[Short text fragments from websites]
■ ■ ■ ■ ■
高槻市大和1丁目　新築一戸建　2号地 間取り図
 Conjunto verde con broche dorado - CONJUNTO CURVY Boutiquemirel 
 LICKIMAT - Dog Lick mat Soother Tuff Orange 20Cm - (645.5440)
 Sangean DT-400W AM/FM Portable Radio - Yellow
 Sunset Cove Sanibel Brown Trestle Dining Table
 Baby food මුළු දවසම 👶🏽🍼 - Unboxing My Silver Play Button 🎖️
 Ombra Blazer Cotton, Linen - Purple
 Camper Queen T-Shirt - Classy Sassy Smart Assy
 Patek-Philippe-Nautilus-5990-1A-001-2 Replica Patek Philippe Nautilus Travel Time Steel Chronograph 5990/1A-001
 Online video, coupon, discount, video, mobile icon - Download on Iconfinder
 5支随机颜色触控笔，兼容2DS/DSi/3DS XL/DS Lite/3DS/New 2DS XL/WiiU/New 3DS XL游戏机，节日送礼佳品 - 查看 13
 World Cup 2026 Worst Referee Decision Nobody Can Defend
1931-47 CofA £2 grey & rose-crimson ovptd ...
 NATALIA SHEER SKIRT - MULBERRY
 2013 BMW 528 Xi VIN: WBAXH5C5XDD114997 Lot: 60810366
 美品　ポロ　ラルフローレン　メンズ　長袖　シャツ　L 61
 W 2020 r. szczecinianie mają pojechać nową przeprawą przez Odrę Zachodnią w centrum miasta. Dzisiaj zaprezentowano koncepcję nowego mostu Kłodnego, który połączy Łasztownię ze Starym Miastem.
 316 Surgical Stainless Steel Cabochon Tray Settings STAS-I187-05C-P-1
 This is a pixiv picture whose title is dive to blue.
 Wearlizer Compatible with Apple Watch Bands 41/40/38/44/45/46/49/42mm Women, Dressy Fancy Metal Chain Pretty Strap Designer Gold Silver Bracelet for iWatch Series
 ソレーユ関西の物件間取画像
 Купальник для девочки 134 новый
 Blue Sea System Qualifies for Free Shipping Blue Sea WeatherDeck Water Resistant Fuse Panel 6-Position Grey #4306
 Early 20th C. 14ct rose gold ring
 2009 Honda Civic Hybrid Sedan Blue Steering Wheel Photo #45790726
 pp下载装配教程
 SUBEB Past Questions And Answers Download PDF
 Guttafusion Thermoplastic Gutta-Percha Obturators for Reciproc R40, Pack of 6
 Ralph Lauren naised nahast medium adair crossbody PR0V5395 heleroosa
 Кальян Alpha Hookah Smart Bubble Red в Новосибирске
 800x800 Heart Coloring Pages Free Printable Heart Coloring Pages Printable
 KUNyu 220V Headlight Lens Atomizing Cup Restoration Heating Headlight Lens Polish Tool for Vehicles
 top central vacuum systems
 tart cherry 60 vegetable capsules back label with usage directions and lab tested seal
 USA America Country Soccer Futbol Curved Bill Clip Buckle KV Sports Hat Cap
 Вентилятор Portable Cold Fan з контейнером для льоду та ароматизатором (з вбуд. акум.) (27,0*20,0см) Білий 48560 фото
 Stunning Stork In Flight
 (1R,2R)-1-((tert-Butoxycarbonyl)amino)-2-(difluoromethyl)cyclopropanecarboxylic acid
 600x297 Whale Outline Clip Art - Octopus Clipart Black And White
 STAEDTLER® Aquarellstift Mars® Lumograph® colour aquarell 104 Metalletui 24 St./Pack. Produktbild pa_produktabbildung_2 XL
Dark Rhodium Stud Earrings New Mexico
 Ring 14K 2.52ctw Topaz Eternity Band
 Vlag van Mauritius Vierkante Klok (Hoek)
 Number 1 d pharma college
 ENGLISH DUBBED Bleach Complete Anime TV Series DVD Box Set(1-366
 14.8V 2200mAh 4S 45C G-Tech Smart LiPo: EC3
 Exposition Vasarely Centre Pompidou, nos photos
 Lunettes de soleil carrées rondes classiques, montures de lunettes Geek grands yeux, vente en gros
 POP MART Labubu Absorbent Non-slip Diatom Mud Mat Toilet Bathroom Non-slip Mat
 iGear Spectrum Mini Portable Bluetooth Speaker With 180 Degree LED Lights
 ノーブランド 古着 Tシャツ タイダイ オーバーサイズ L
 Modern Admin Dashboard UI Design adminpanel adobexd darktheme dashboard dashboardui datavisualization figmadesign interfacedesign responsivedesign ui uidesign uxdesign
■ ■ ■ ■ ■
Exercise details:
Among the lines above, show every one that contains the string "Clip".

Written response:
 USA America Country Soccer Futbol Curved Bill Clip Buckle KV Sports Hat Cap
 600x297 Whale Outline Clip Art - Octopus Clipart Black And White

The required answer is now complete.